As information governance ascends in importance, that is, as organizations seek better control and value from their data, records managers should find themselves in the calm eye of the hurricane around them.
Among the vendors on the expo floor in Orlando, nearly 100 offered products and/or services related to document and content management. Many of those -- also stalwarts at AIIM -- reflected a growing sophistication and appreciation for how ECM serves records management programs in large and midsized organizations. They clearly understood how their software solutions support organizations that ascribe to GARP. Lamentably, the booth staff of several other leading ECM vendors appeared clueless about how their products related to RIM.

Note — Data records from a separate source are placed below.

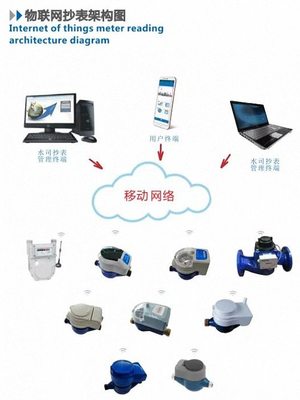 E企秀丨江財總裁77班徐志剛同學企業--旭鑫達智能 物聯網技術研發之路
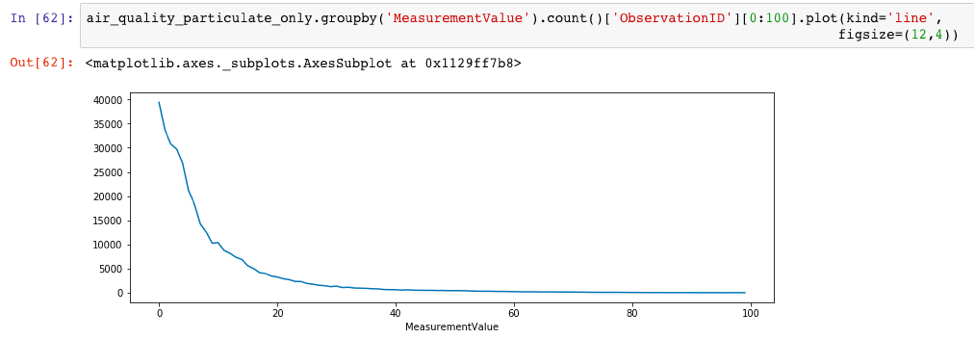 Building A Rare Event Reporting System In Python (part 1 – Crunching 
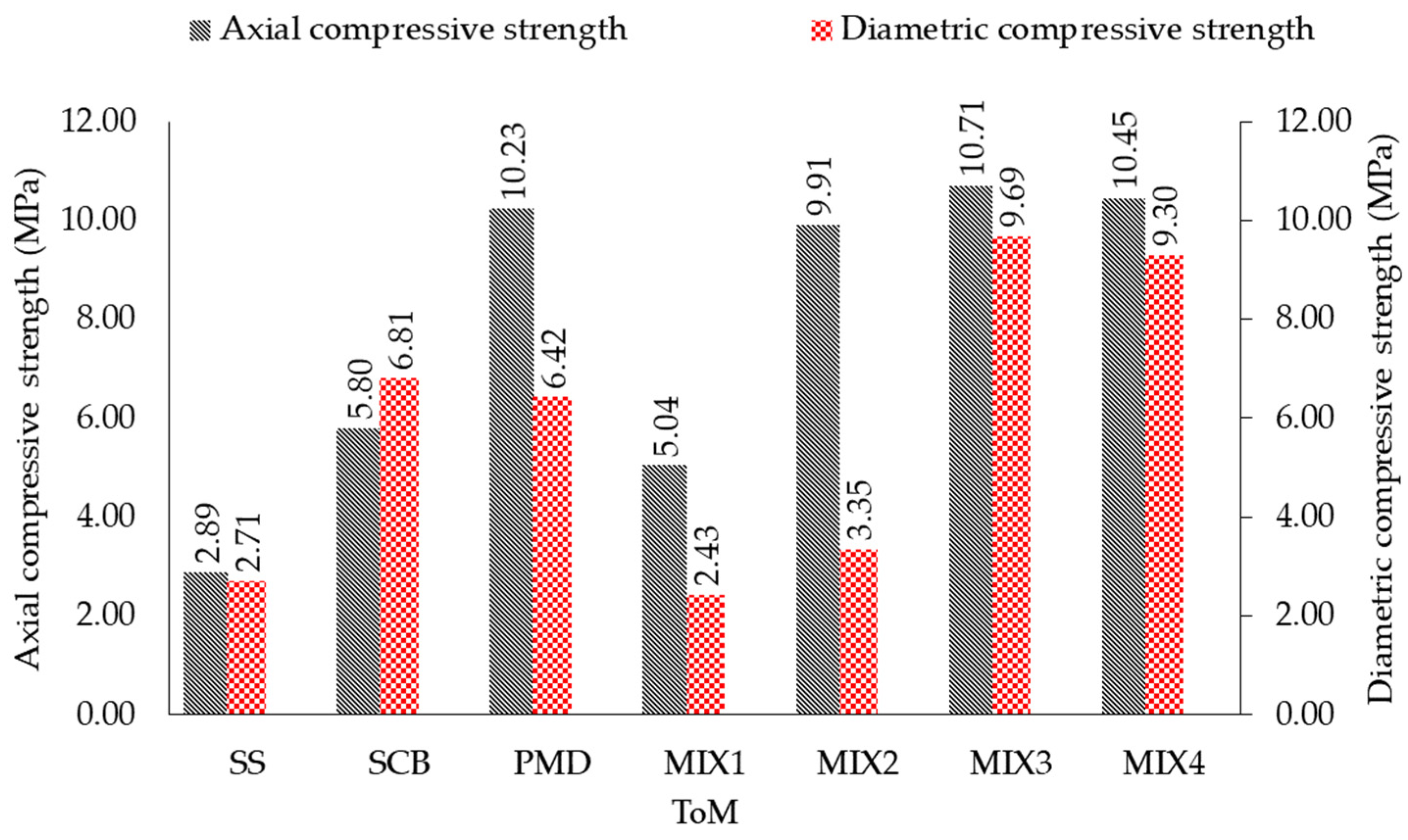 Sustainability 16 06035 g011 Sustainability 16 06035 g011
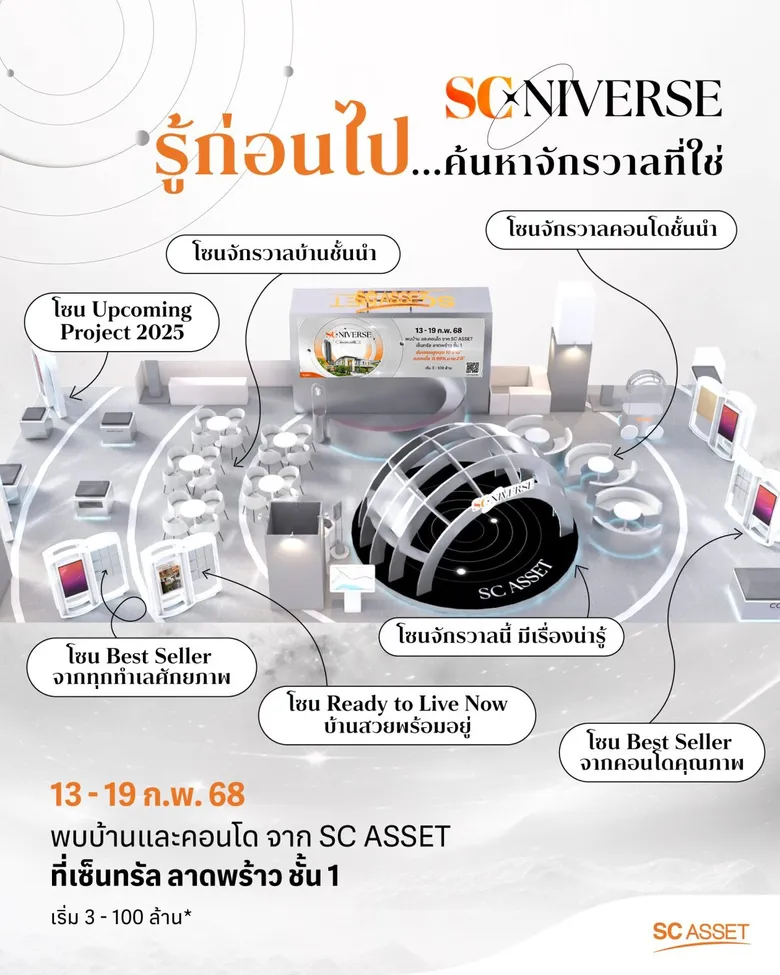 'SC Asset' ชวนค้นหาจักรวาลบ้านชั้นนำ กับงาน 'SCniverse' พร้อมโปรเด็ดโดนใจทุกมัลติเวิร์ส วันนี้ - 19 ก.พ. 68 ณ เซ็นทรัลลาดพร้าว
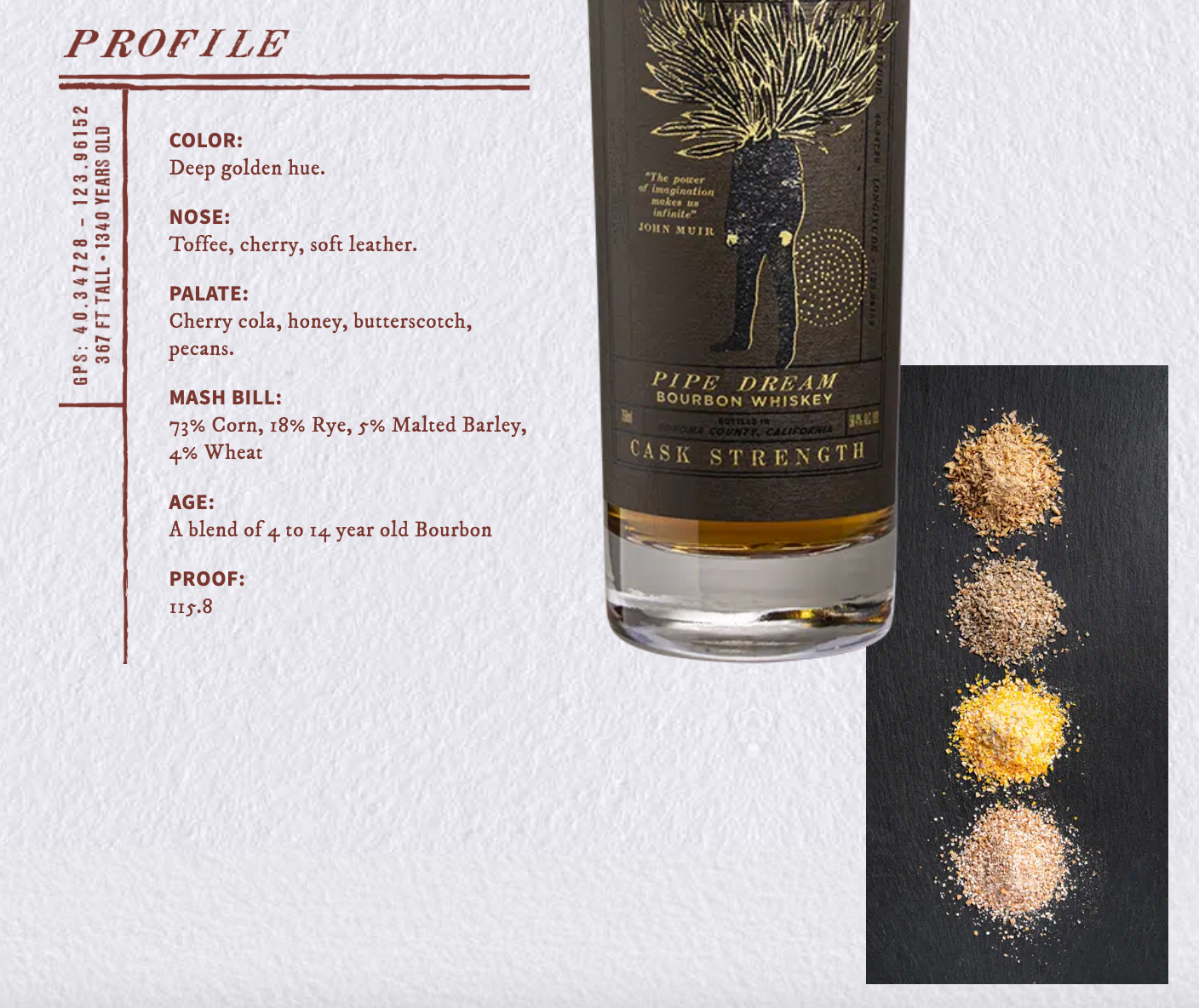 Redwood Empire Pipe Dream Cask Strength Bourbon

I noted two technical areas that promise significant advantages over the next several months. The first (previewed by IBM and referred to by other vendors) was software for content analysis using textual and syntactical analytics for 1) auto classification of potential records and 2) building taxonomies. Potentially, this removes the human factor in deciding which documents are records and need to be preserved. This tactic will be useful when the accuracy of the software matches the acceptable level of risk in an organization.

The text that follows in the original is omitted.